Abstract
INTRODUCTION: Breast cancer is a serious health problem; 1.3 million women worldwide will be diagnosed with breast cancer each year, 465,000 will die annually. In Mexico, the disease represents 49% of neoplasms in women. Metastatic disease is the main cause of death in women with breast cancer (BC) making it important to identify chemotherapy (CT) schedules that offer the best response rate and palliation.
PATIENTS AND METHODS: From October 2009 to August 2011, 37 breast cancer patients previously treated for metastatic disease (BC) and a minimum of two prior CT lines were treated with gemcitabine (G) (Total dose 200mg) plus Cisplatin ( C ) (Total dose 50mg) weekly. Patients were included following histological confirmation of breast cancer as the primary site and disease had to be clinically measurable or determined according to the RECIST method by ultrasound or conventional computer tomography (CT).

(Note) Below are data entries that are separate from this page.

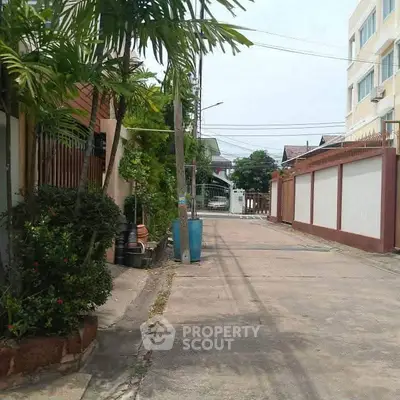 Charming residential street with lush greenery and modern architecture.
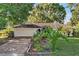 Charming single-story home with a well-maintained lawn and colorful landscaping at 541 Rebecca Dr, St Cloud, FL 34769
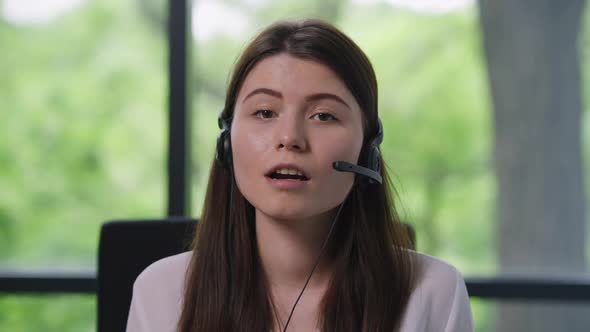 Smiling Beautiful Caucasian Woman in Earphones Talking Looking at Camera in Video Chat alt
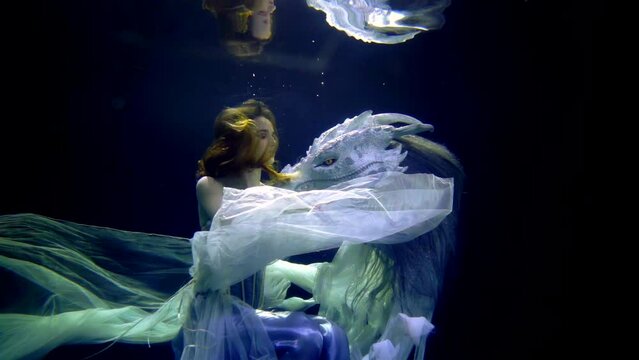 underwater medium shot with beautiful young woman and scary fabulous dragon, mysterious depth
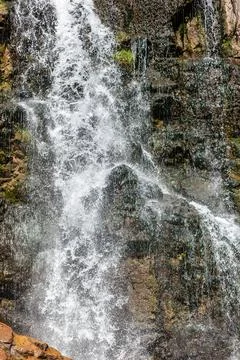 Close-up of a powerful waterfall in the wild in high quality. Stock Photos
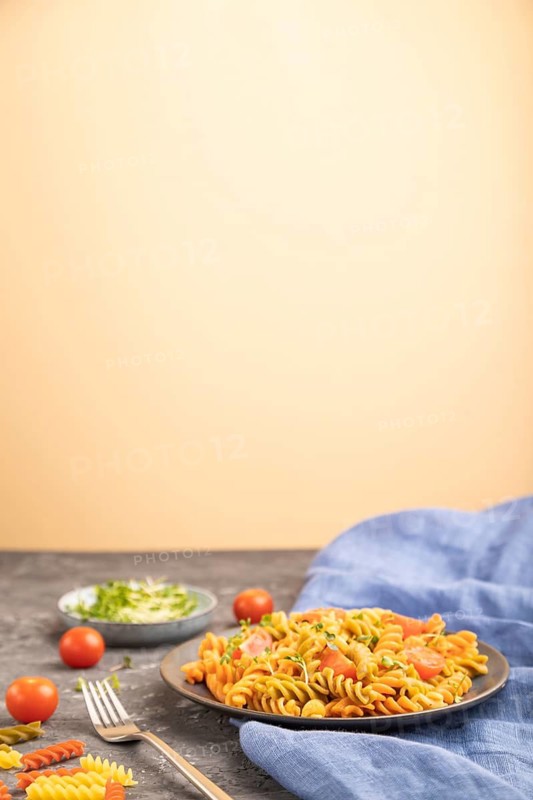 Tortiglioni semolina pasta with tomato and microgreen sprouts on a black and orange background and blue textile. Side view, copy space, selective focus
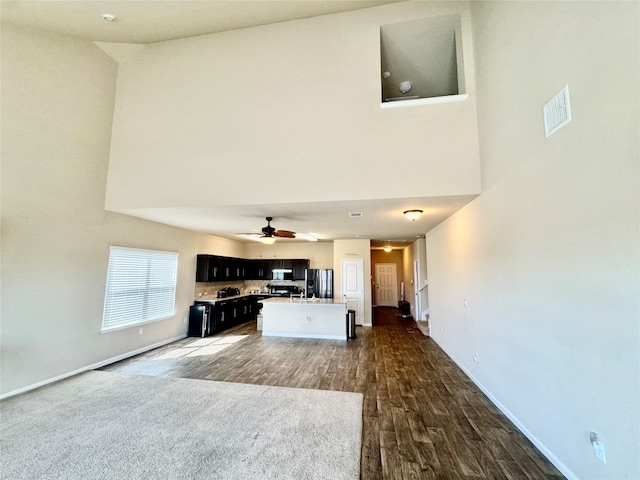 unfurnished living room featuring a towering ceiling, dark wood-type flooring, and ceiling fan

RESULTS: The median age was 52 years ; 92% were ductal carcinoma; all patients presented evidence of disease progression; received another treatment regimen and palliative chemotherapy in various lines; all patients were exposed to regimens with anthracyclines and 12 (32.4%) received taxanes. 51 % had received surgical intervention. The median metastatic site was 2 (range 1-4) the most frequent metastatic sites being the lung (35 %), liver (18.9 %) and central nervous system (16.2 %).
CONCLUSION: The weekly administration of low-dose gemcitabine and conventional dose of cisplatin is an active and well-tolerated regimen with response rates similar to those reported in most other treatment options.
Keywords: Gemcitabine, Cisplatin, Breast cancer, Metastic Keywords.